5 - Matter in the universe

from Part 2 - Relativistic cosmological models


Our current understanding of the contents of the universe is based on the Standard Model of particle physics and its extensions (see e.g. Mukhanov (2005), Peter and Uzan (2009)). The Standard Model incorporates the strong, weak and electromagnetic interactions. The hadrons, made of quarks and anti-quarks, feel the strong interaction (and the weak). They are fermionic baryons and bosonic mesons. In cosmology, the key hadrons are the baryonic proton and neutron, but many more hadrons have been detected. Fermionic leptons feel the weak interaction; these include the electron and the three neutrino species. All charged hadrons and leptons feel the electromagnetic interaction. See Table 9.3 for a summary.
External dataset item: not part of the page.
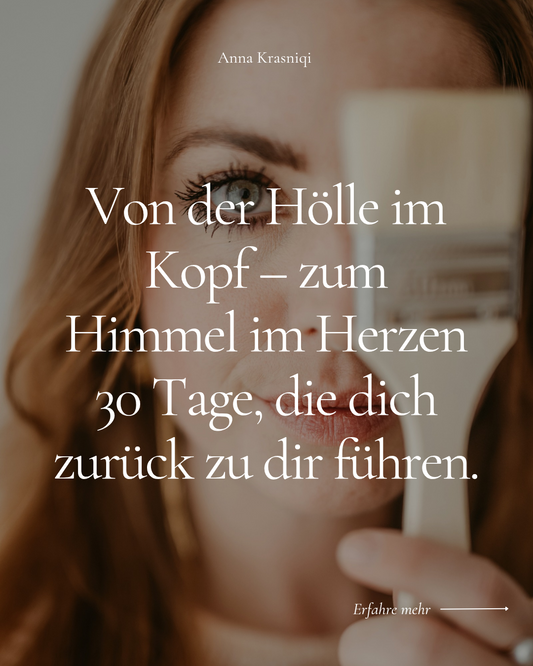 "Zurück zu dir" dein Self - Care Starter Kit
This model is able to explain all particles so far observed in colliders and particle detectors, except that experiments have recently detected neutrino oscillations, so that at least two of the neutrinos must have mass. The candidate particles for cold dark matter also cannot be explained within the Standard Model.

This Standard Model allows us to understand the ultra-relativistic early universe, for times t ≳10-10 s and energies E ≲1 TeV. The Large Hadron Collider is beginning to probe E ≳1TeV at the time of writing. One of the outstanding successes of the model is the prediction of light element nucleosynthesis. A brief overview of particle physics in the early universe is given in Section 9.6.